**Brief:**
Word for word, return each entry that follows, with every image removed.

Start of Excerpted records

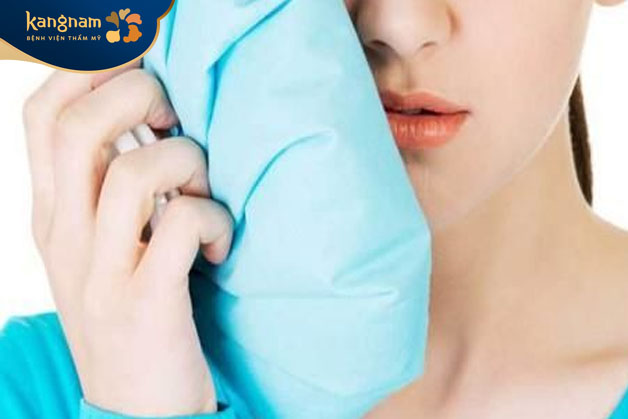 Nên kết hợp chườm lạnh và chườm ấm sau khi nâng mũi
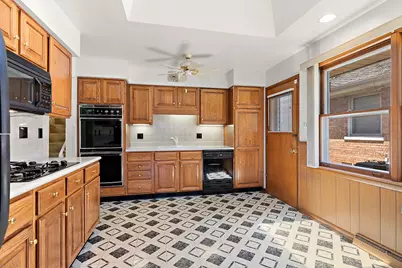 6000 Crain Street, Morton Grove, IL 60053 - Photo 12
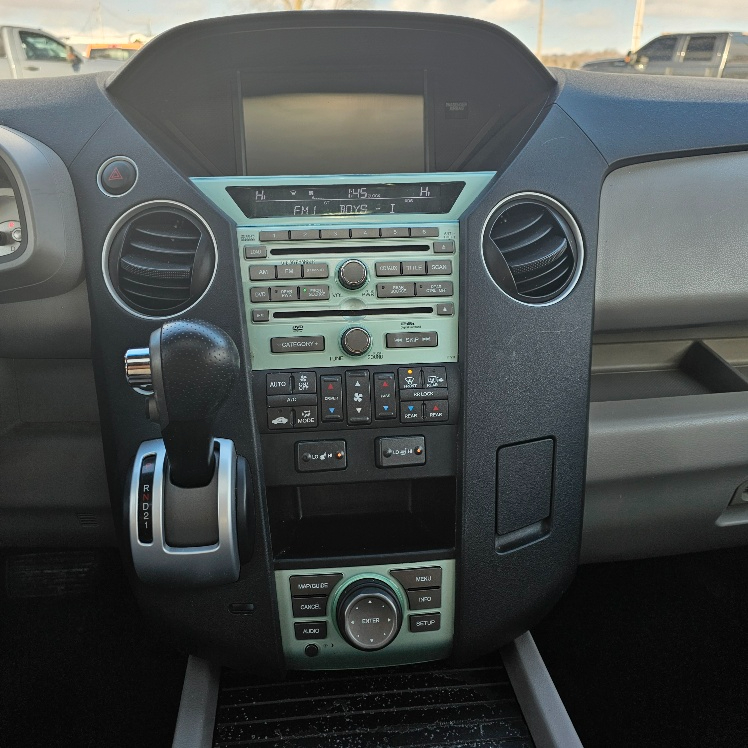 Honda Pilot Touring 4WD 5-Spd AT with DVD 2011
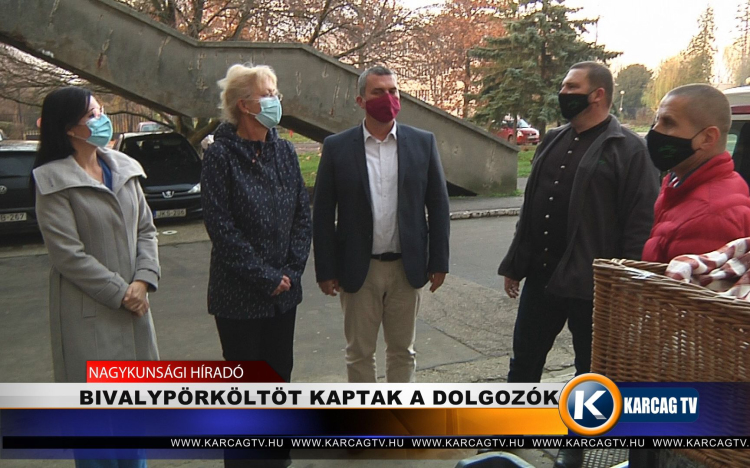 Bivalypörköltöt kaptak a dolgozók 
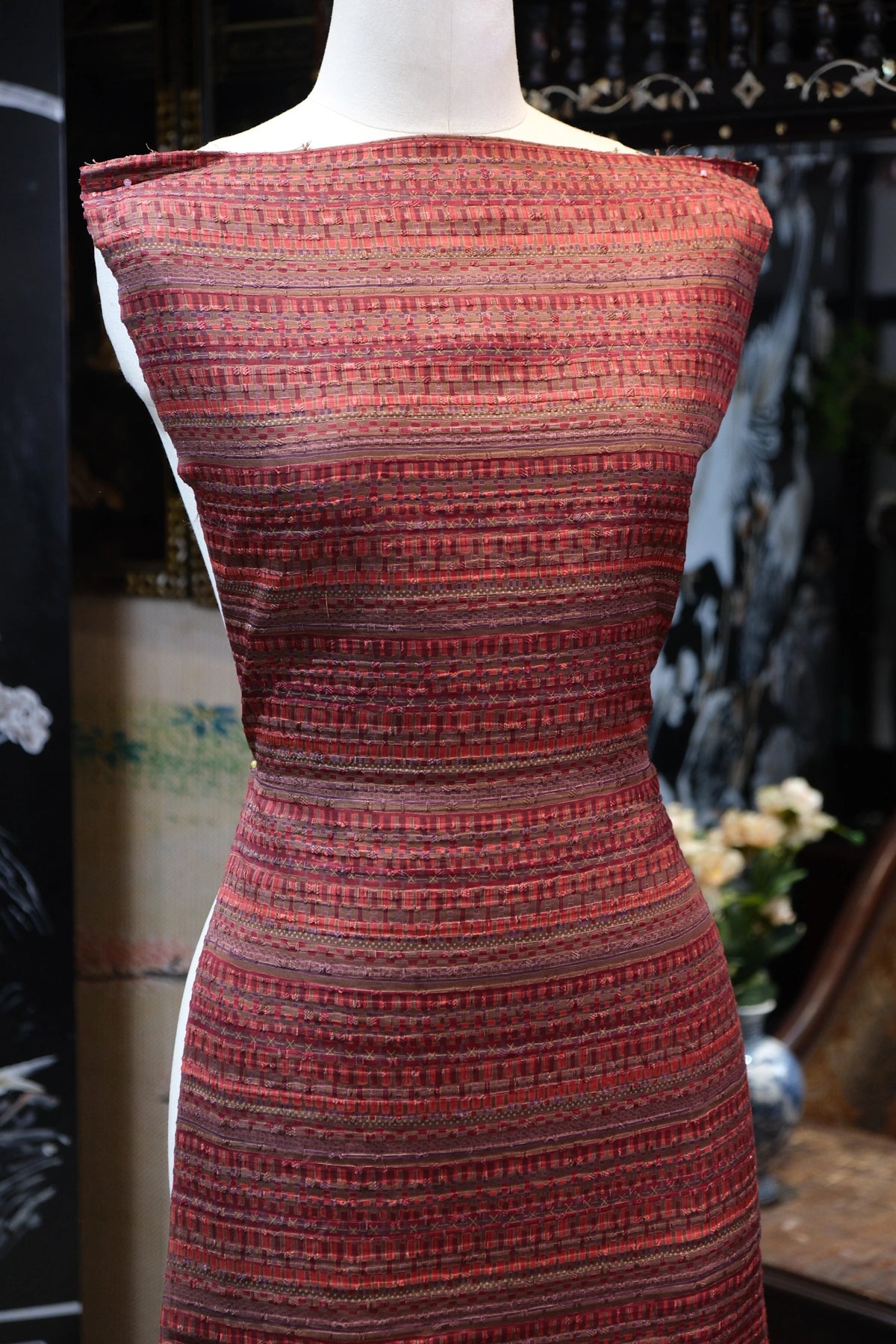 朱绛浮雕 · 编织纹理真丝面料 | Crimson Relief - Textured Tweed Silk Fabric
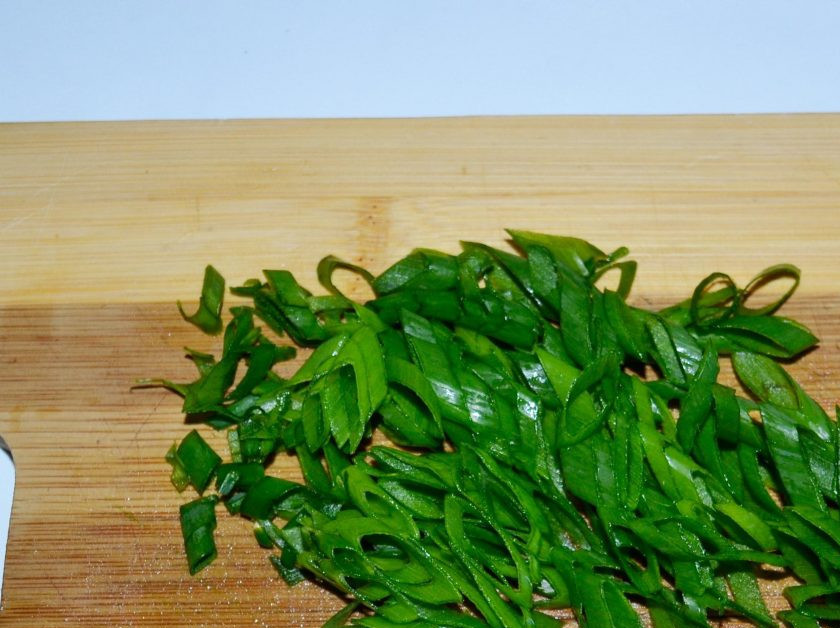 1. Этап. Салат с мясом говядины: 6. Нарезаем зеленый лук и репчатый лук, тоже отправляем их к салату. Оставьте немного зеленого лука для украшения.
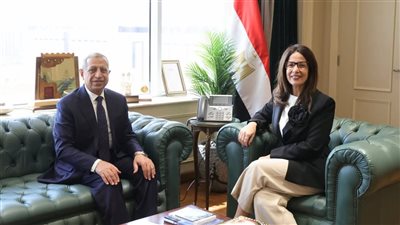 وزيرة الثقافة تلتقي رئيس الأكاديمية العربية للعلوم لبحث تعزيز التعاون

End of Excerpted records

**Reply:**
 Nên kết hợp chườm lạnh và chườm ấm sau khi nâng mũi
 6000 Crain Street, Morton Grove, IL 60053 - Photo 12
 Honda Pilot Touring 4WD 5-Spd AT with DVD 2011
 Bivalypörköltöt kaptak a dolgozók 
 朱绛浮雕 · 编织纹理真丝面料 | Crimson Relief - Textured Tweed Silk Fabric
 1. Этап. Салат с мясом говядины: 6. Нарезаем зеленый лук и репчатый лук, тоже отправляем их к салату. Оставьте немного зеленого лука для украшения.
 وزيرة الثقافة تلتقي رئيس الأكاديمية العربية للعلوم لبحث تعزيز التعاون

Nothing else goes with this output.